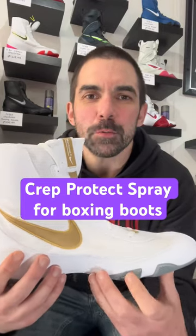Are you tired of buying a nice fresh white pair of boxing boots and having them covered in blood, sweat, and dirt within about three sessions? Well, we're going to show you the best way to protect them using this — and we're going to prove it by using this. Let's go!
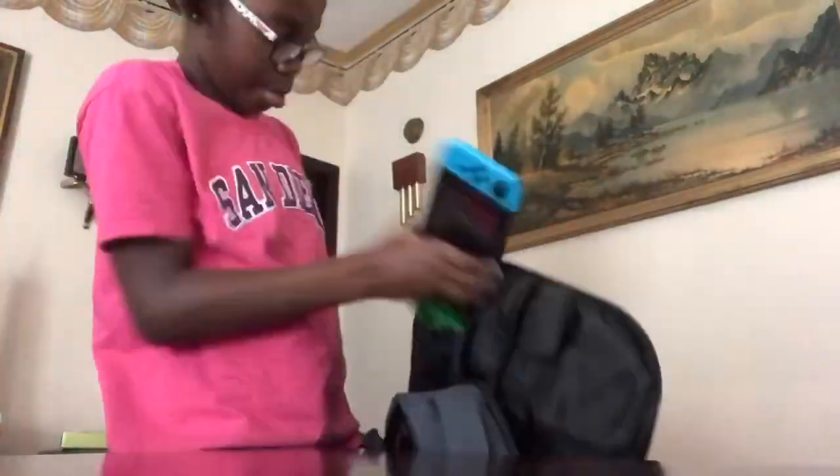So I'm going to put everything in here now. I'm going to put the iPad and the laptop in here to see if it can fit, along with the Nintendo Switch gaming case set.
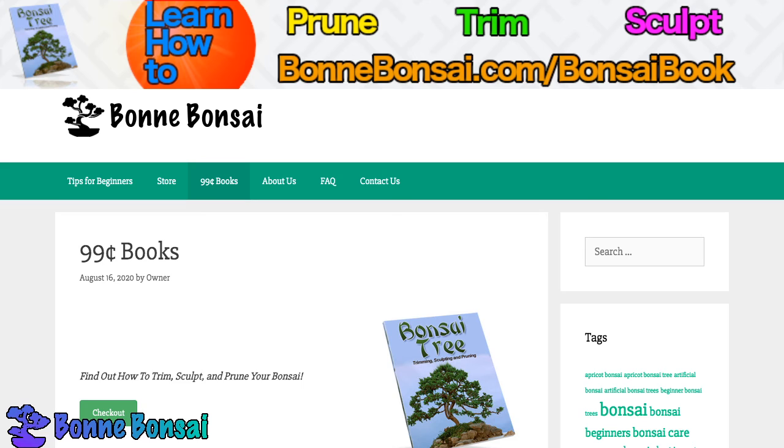Now, if you go to Bonsai.com and find the article talking about artificial bonsai, which should not be hard at all, you can actually find out that there is a pretty reputable site that offers artificial bonsai.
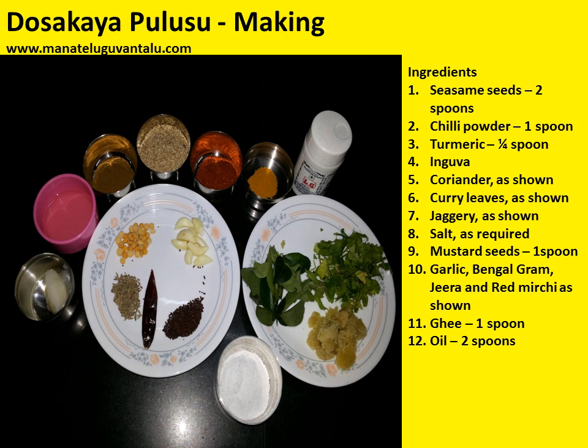Further ingredients required are: sesame seeds two spoons; chili powder one spoon; turmeric one fourth spoon; asafoetida (hing); coriander as shown; curry leaves as shown; jaggery as shown; salt as required; mustard seeds one spoon; garlic; Bengal gram; jeera and red mirchi as shown; ghee one spoon; and oil two spoons.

= = = = = = =

-- What is being asked --
What you give back must be exactly the lines of the listing above from the line containing "So I'm going" through its last line, inclusive, without pictures, please.

-- Answer to the exercise --
So I'm going to put everything in here now. I'm going to put the iPad and the laptop in here to see if it can fit, along with the Nintendo Switch gaming case set.
Now, if you go to Bonsai.com and find the article talking about artificial bonsai, which should not be hard at all, you can actually find out that there is a pretty reputable site that offers artificial bonsai.
Further ingredients required are: sesame seeds two spoons; chili powder one spoon; turmeric one fourth spoon; asafoetida (hing); coriander as shown; curry leaves as shown; jaggery as shown; salt as required; mustard seeds one spoon; garlic; Bengal gram; jeera and red mirchi as shown; ghee one spoon; and oil two spoons.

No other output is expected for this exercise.